An evaluation tool in this area would be an essential guideline for evaluating smartphone contents systematically. It is important to derive evaluating factors from evaluation tools on healthcare Web sites based on the distinct characteristics of healthcare apps, as smartphone apps can be regarded as a downscaled version of Web sites.⁸ Thus far, studies that evaluate healthcare smartphone apps are in their early stages. Related studies mostly focus on recent trends or on issues related to usability, safety, or acceptability. However, an evaluation tool for healthcare smartphone apps should be developed systematically. In this context, the purpose of this study is to develop and test an evaluation tool for healthcare smartphone apps and to assess its validity and reliability.

Materials and Methods

Research Design

This study is a descriptive and psychometric assessment of a new evaluation tool that has been developed and verified for use in assessing the utility of healthcare smartphone apps.

Research Measures

Developing a provisional version of a healthcare smartphone app evaluation tool

The evaluating factors were derived from an analysis of previous studies.^9

–13 The derived factors were all noted commonly in previous studies, thought to be important regarding the reliability of health information and consumer satisfaction, or considered for inclusion for other reasons to evaluate healthcare smartphone apps effectively. Four evaluating factors were the contents aspects, community aspects, design aspects, and technological aspects.

The subevaluating factors were derived from an analysis of previous studies related to the four evaluating factors.^9

–16 The contents aspects consisted of accuracy, understandability, and objectivity. Communication aspects were made up of reactivity and participation. Design aspects consisted of consistency, the suitability of the design, and the suitability of the vocabulary. Technological aspects were the security and stability of the system.
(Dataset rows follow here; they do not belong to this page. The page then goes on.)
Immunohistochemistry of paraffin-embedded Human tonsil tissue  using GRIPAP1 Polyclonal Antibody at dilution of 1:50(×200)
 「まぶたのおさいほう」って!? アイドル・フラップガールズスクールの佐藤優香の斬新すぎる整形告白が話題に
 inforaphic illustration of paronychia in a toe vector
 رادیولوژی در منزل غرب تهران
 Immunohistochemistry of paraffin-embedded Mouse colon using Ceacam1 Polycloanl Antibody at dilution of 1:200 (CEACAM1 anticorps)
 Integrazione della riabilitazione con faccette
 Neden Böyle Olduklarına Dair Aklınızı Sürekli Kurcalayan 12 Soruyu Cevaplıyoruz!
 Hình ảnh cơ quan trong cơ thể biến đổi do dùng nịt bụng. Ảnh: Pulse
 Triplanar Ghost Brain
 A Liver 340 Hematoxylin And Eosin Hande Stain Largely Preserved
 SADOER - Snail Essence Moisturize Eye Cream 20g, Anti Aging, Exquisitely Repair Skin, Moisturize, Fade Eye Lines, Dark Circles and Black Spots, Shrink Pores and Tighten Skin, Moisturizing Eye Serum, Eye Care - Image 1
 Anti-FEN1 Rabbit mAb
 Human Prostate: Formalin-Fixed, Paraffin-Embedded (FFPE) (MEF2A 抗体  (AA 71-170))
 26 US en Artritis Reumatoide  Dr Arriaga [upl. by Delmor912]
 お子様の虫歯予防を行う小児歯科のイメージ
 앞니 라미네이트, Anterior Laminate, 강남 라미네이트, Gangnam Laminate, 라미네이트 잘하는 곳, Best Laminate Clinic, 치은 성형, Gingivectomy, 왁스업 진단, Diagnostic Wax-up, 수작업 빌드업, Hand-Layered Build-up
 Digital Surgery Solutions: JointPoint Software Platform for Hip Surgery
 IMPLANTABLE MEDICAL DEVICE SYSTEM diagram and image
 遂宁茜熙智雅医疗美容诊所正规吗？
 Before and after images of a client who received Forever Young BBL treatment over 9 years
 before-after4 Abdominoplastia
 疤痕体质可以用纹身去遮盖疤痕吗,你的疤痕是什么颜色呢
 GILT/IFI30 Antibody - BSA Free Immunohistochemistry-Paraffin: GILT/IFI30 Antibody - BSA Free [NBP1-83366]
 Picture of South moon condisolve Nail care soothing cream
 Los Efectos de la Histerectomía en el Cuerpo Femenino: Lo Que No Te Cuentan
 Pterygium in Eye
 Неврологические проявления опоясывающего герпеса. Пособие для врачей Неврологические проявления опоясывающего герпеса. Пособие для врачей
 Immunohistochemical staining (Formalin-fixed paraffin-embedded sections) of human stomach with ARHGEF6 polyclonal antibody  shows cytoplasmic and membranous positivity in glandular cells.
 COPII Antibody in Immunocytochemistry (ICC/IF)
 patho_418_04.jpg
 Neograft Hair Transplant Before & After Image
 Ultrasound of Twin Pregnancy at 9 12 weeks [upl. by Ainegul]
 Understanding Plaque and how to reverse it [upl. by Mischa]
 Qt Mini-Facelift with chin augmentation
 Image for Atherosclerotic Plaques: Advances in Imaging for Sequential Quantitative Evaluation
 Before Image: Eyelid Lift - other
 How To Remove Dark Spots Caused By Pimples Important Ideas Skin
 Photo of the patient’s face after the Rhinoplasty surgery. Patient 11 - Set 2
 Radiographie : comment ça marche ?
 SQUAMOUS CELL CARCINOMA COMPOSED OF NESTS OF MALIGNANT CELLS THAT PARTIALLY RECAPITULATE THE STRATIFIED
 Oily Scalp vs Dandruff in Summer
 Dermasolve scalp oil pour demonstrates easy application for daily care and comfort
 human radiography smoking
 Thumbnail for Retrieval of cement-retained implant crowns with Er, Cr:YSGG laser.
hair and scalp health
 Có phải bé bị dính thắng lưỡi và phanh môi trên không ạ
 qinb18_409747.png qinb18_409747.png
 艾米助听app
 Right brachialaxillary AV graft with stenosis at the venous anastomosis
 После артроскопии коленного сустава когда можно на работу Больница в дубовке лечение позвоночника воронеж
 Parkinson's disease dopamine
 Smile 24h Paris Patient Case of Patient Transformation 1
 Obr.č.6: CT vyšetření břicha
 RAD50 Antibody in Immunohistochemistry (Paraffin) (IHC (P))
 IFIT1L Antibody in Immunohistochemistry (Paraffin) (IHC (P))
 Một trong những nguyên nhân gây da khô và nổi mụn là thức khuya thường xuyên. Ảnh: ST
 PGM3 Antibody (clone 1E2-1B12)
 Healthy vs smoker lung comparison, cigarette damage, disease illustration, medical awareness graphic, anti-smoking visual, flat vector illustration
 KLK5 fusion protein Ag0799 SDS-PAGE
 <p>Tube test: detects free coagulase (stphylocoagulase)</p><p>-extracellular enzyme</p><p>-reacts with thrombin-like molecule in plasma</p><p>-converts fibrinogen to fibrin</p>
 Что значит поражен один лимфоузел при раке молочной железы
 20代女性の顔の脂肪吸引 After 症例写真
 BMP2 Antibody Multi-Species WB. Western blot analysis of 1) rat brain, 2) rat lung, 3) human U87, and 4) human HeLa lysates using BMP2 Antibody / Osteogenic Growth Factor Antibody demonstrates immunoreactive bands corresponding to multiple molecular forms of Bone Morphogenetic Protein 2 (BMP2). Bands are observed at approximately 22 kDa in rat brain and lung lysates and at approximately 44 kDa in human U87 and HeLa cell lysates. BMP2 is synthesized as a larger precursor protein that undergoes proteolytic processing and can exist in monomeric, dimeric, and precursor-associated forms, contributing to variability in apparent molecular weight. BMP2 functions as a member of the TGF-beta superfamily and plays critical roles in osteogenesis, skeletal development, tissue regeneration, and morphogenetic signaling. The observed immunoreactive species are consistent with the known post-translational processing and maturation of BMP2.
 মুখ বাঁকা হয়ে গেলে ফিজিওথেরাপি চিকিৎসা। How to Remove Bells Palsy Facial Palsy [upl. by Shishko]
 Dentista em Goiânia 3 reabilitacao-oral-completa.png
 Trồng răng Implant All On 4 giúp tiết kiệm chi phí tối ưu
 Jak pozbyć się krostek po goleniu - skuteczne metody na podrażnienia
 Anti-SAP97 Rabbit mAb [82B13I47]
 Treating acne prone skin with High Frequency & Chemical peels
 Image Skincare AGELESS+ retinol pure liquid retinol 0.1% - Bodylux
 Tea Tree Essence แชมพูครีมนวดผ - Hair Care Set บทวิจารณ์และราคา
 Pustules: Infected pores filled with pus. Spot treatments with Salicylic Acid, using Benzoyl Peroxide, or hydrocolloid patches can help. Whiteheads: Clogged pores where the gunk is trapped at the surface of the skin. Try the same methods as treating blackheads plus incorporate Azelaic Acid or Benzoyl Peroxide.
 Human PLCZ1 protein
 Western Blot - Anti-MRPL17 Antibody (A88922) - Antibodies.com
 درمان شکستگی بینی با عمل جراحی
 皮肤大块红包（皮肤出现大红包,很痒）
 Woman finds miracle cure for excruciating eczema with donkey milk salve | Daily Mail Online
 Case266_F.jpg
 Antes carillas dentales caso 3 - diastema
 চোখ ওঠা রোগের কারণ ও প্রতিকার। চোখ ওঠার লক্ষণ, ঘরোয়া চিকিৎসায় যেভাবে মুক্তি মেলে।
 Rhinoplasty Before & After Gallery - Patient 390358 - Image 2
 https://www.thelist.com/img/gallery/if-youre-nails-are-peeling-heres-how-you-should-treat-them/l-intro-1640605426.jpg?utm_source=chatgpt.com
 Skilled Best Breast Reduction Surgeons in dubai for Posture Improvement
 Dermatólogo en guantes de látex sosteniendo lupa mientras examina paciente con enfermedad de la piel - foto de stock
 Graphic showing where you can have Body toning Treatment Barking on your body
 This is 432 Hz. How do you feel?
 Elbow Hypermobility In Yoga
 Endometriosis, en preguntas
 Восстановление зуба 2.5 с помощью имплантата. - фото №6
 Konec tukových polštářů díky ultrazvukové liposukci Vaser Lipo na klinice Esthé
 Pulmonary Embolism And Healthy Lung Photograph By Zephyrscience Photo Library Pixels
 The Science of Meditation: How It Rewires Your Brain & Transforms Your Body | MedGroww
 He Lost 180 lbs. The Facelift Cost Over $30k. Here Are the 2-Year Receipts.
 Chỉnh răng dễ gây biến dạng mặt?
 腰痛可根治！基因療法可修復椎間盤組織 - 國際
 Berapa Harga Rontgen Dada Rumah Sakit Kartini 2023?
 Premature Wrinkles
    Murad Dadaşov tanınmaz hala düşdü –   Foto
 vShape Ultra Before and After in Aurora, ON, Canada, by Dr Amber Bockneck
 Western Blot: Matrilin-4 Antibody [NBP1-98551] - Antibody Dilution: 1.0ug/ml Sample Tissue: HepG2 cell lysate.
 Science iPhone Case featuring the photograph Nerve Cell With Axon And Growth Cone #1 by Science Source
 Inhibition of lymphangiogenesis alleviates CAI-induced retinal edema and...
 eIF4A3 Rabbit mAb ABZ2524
Verifying the content validity by five experts

Five professional evaluators, all of whom are experts in the fields of medical informatics, nursing informatics, and healthcare business, verified the content validity of the provisional version of the healthcare smartphone app evaluation tool. The number of experts was determined based on previous research that reported that it was desirable for more than 3 and fewer than 10 experts to verify content validity.¹⁷ An analysis of evaluating items for healthcare smartphone apps was conducted in order to verify the suitability of the evaluating factors, subevaluating factors, and evaluating items. For a quantitative evaluation of the content validity, the content validity index (CVI) and a 4-point Likert scale (1=“unrelated,” 2=“cannot evaluate the relativity without editing the item,” 3=“related but editing is needed,” and 4=“highly related and described concisely”) were used.¹⁸ The five experts answered closed-ended questions.

Verifying the construct validity and reliability

App users evaluated the validity and reliability to verify the construct validity and reliability of the provisional version of the healthcare smartphone app evaluation tool modified and edited according to the results of the experts' evaluations. In total, 200 responses were collected using a convenience sampling method. The number of respondents was determined based on a previous study that suggested that the proper number of samples to verify the final draft of a questionnaire ranges from 100 to 200 to properly represent the population.¹⁸

Data Analysis

SPSS version 20.0 software and AMOS version 21.0 (both from IBM, Armonk, NY) were used as follows:

• A frequency analysis was done to test the general characteristics of the subjects.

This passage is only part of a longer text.